Breda Sullivan

Breda Sullivan was born in Athlone in 1945. Having trained as a teacher she came to Streete on the Longford/Westmeath border at the age of twenty to take up a position in the local school. Marriage and children interrupted her writing career until 1987 when she joined the Granard Writers' Group.

Prizes soon followed for her poetry including awards in The Gerard Manley Poetry Competition in 1990 and 1992, The South Tipperary Literary Festival in 1991, the National Women's Poetry Competition in 1990 and the Syllables Poetry Competition shortly after.

Her debut collection, A Smell of Camphor, was published by Salmon Press in 1992. It was praised by, among others, Anthony Roche, who has published books on Irish drama and Anglo-Irish literature, saying:

Breda Sullivan's poems strike deep into memories, desires, fears and hopes; and are sharpened by them. Her poems are alert not only to what has happened but to what is lost in the experiences they articulate. They are braced by the shock of the physical… and the poems move from the domestic real to that imaginary which extends the real, expanding horizons for those who read them.
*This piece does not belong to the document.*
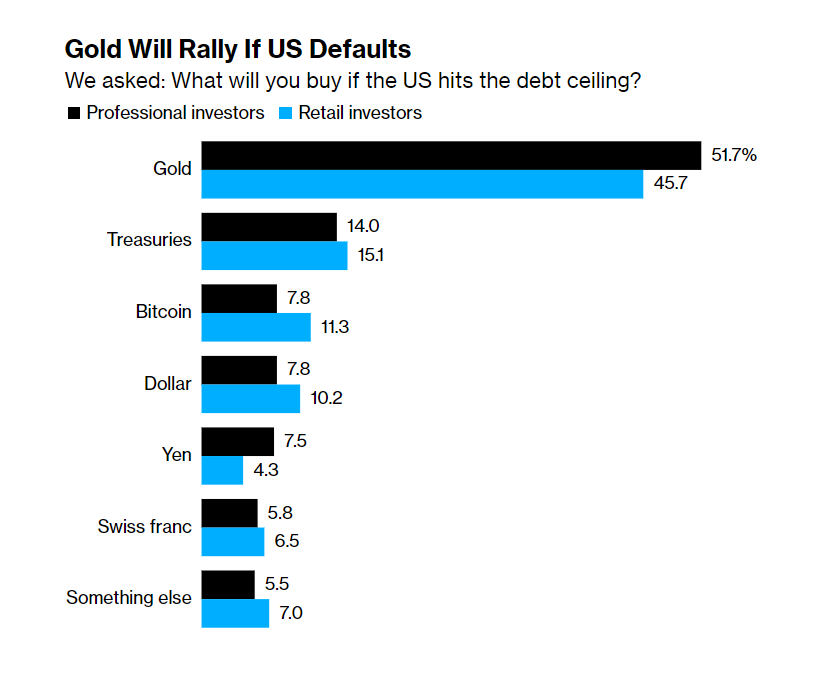 Инвесторы уйдут из доллара в Биткоин в случае дефолта в США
Other awards soon followed including that of the Kerry International Summer School (1995); Boyle Arts Festival (1996); The Edgeworth Prize; and the National Women's Poetry Competition (1998). Her second collection, After the Ball, was published by Salmon Press in 1998 and added to her reputation, in particular her ability to delve deeply into human experience with a spare, exacting grace, with her unobtrusive voice nonetheless making its point clearly. Again the collection received critical acclaim with Gabriel Rosenstock in The Poetry Supplement of Education Today praising her unique voice: Her poems ring perfectly true and clear; they are simple but well-wrought and linger long and profoundly in the mind. They do not say too much-clutter is the ruin of elegance.

Breda has also found the time to co-found the Edgeworth Literary Weekend which offers practical help to aspiring writers in the form of workshops, and also gives lectures on various literary topics past and present. She still lives in Streete with her husband and family and her third collection of poetry, Bog Cotton in the Winds is soon forthcoming from Salmon Poetry.